Submitted to: Agronomy Abstracts
Publication Type: Abstract Only
Publication Acceptance Date: 10/15/2005
Publication Date: 11/8/2005
Citation: Dierig, D.A., Tomasi, P., Salywon, A.M., Dahlquist, G.H., Isbell, T., Ray, D.T. 2005. Improvement in seed and oil traits of lesquerella fendleri (brassicaceae). Agronomy Abstracts. CD-Rom (P7971).

Interpretive Summary:

Technical Abstract: Lesqeurella breeding has focused on the natural genetic variability contained within L. fendleri and on the introgression of traits from other Lesquerella species as the two main sources of improvements for new germplasm and varieties. In this study we re-examined the natural variability for oil characteristics in L. fendleri based on a half-seed analysis, described in other oilseed crops, but, recently developed for lesquerella. Previous studies were based on a bulk method of analysis. We also measured traits of interspecific hybrids between of L. pallida X L. fendleri. This species was chosen as a parent because of its elevated HFA content and low linolenic acid compared with L. fendleri, and both species have the same n=6 chromosome number. Plants were selected in the A2, A3, and A4 generations (designated as such instead of F2, F3, and F4 because the chromosome number was doubled using colchicine to produce amphidiploids). L. fendleri showed a broader amount of variability than previously reported by the bulk seed analysis. Seeds have lesquerolic acid values up to 73% and linolenic acid values as low as 5 % compared to previous reports of 58 % and 12 %, respectively.

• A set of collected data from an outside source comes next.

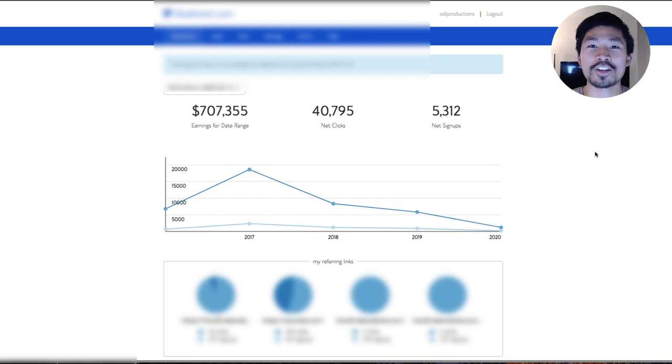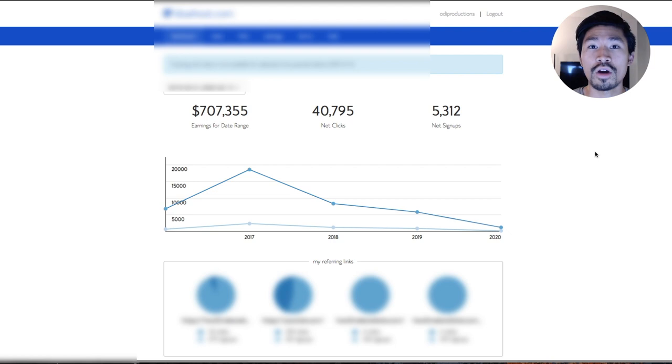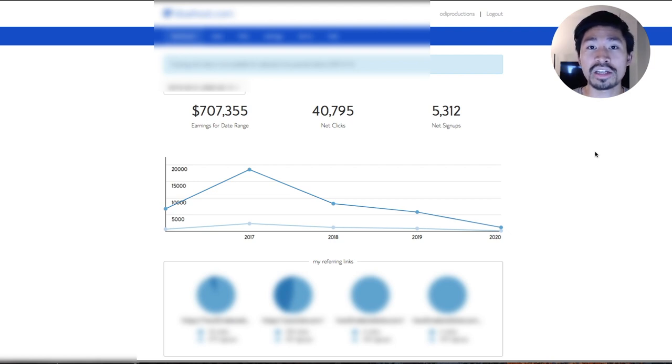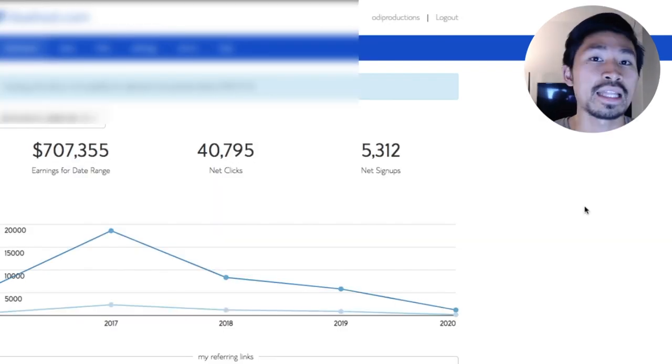All right, what's up guys, ODI Productions. I'm coming at you today with a video showing proof of a million dollars in affiliate marketing earnings, strictly, just, exclusively affiliate commissions.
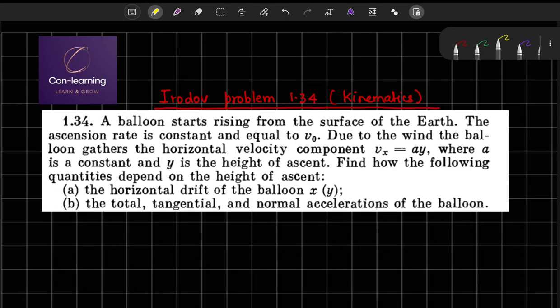Hello everyone. In this video we are going to solve problem number 1.34 from Irodov, which is related to kinematics. Let us first read out the problem and then we will solve it step by step.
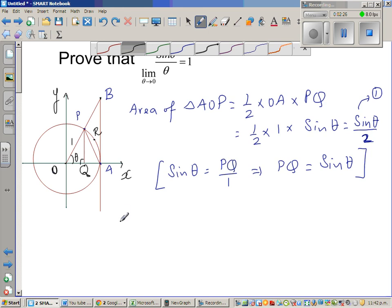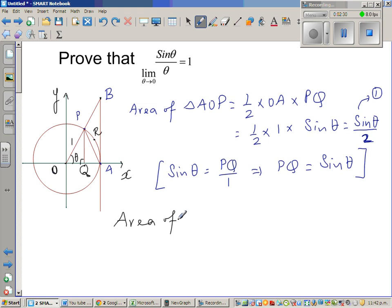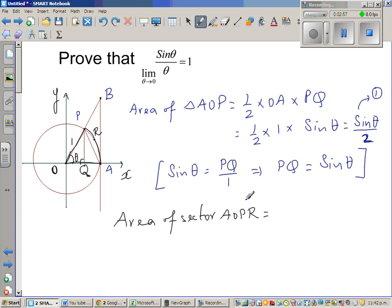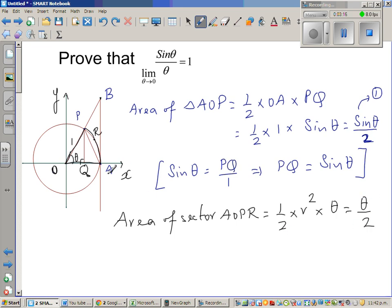Now let us take the area of sector AOPR. The formula for area of a sector is half times the radius squared times the angle included between them. This is half times R squared times theta, and R is 1, so this is nothing but theta over 2. So the area of sector AOPR is theta over 2.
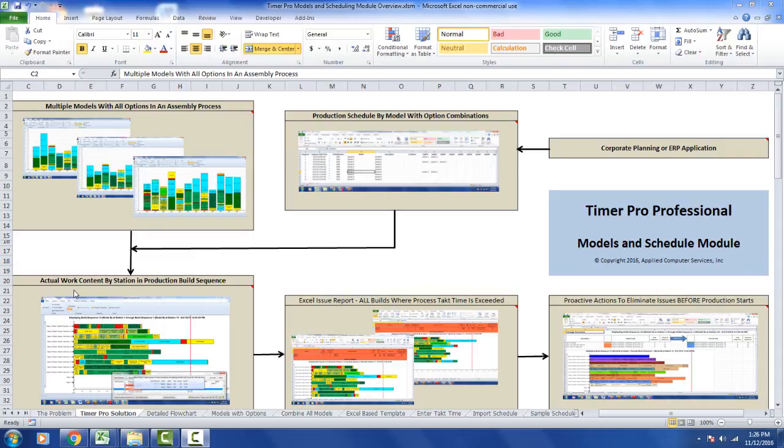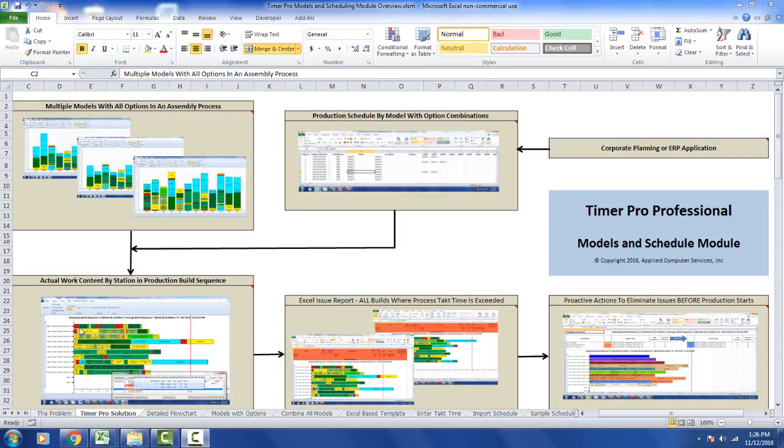And we're going to develop the actual work content by station in the production build sequence. In other words, there's a certain sequence of the models going through the line, and we're going to present that to you in these Yamazumi charts. These are going to show the individual build items as they progress through the line.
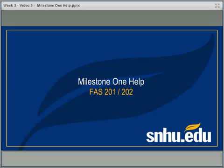Welcome to your video tutorial here in week three, where we're going to be looking at Milestone One. This is, of course, your first big step in the final paper project. Milestone One is basically writing the introduction to your final paper. The ideas you're going to start building on this week with Milestone One are the same ones you continue working with in the weeks ahead and building on for the final paper.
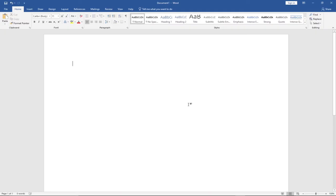Hi there, once again welcome to my channel. This is where I'm going to show you some top tips in Microsoft Word — techniques that will reduce the time you spend using Microsoft Word and doing your editing.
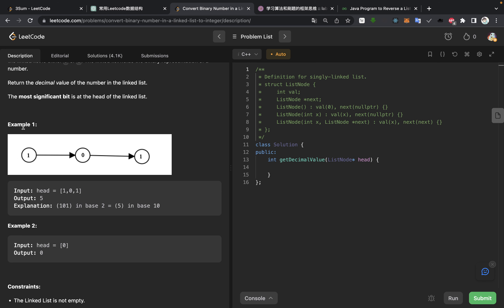I think we need to read the example first. We are given the linked list 1-0-1. Starting from the smallest: the last bit is 1, the middle bit is 2 times 0 which is 0, and the highest bit is 2 squared times 1 which equals 4. So the solution should be 4 plus 1 is 5.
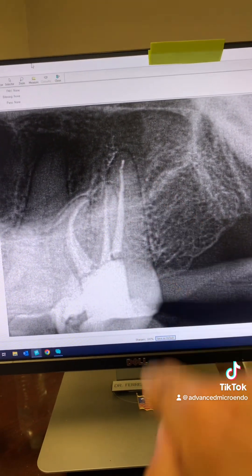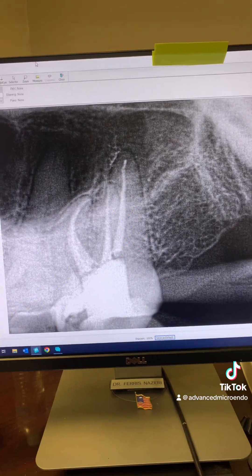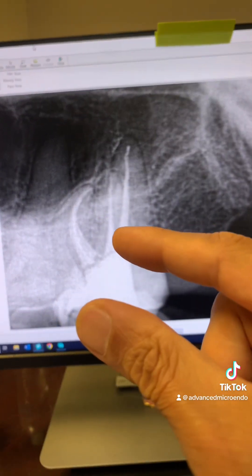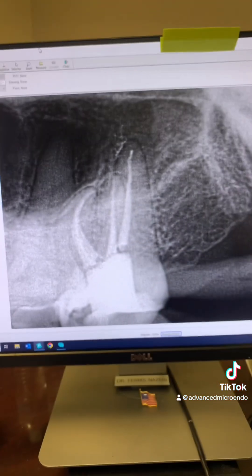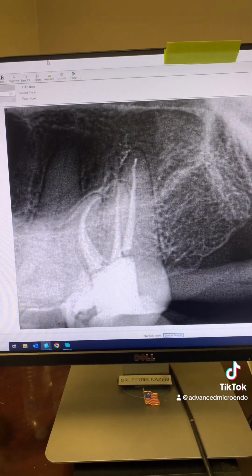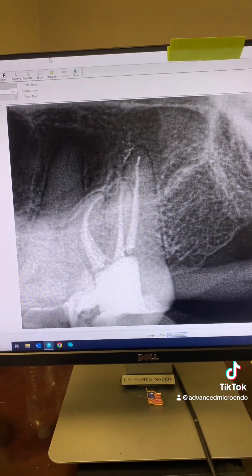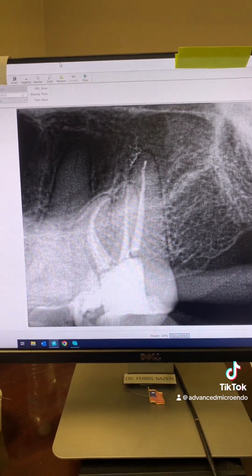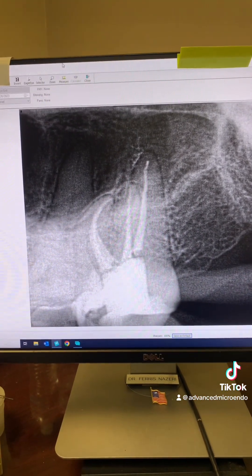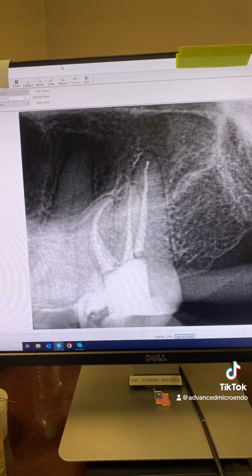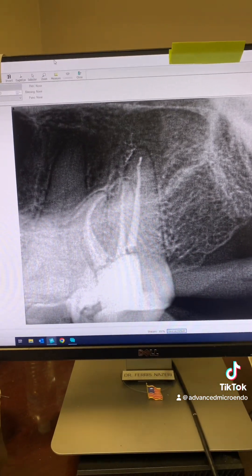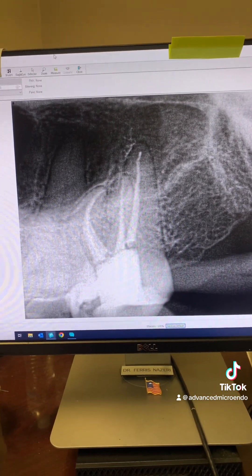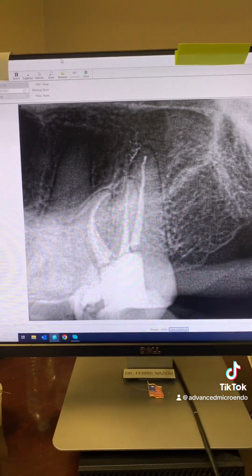Distal buccal and palatal — on a patient with TMD and opening this wide. As you can see, everything went great. We went ahead and temporized the tooth and referred the patient back to her dentist for the permanent restoration.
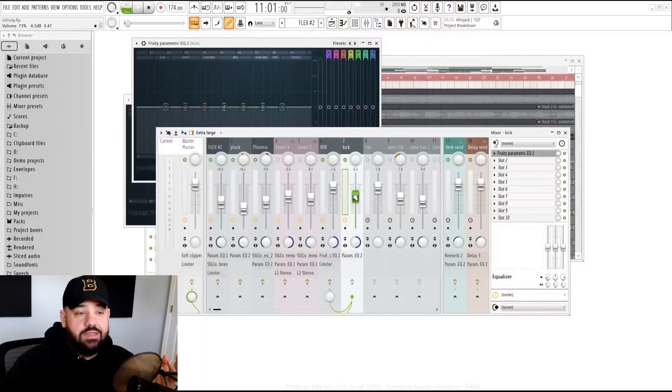If I find myself having to compress or having to EQ or add other plugins on top of it to get the distortion, nine times out of ten, I should just go find a new sample.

Interspecific hybrids had higher mean lesquerolic acid content (83%), and lower amounts of unsaturated linolenic acid (2%) than found in L. fendleri. These improved traits should make lesquerella more profitable for industry users and growers, thus enhancing its competitiveness with castor oil (Ricinus commus L.) as a biodegradable oil without the toxic ricin contained in castor.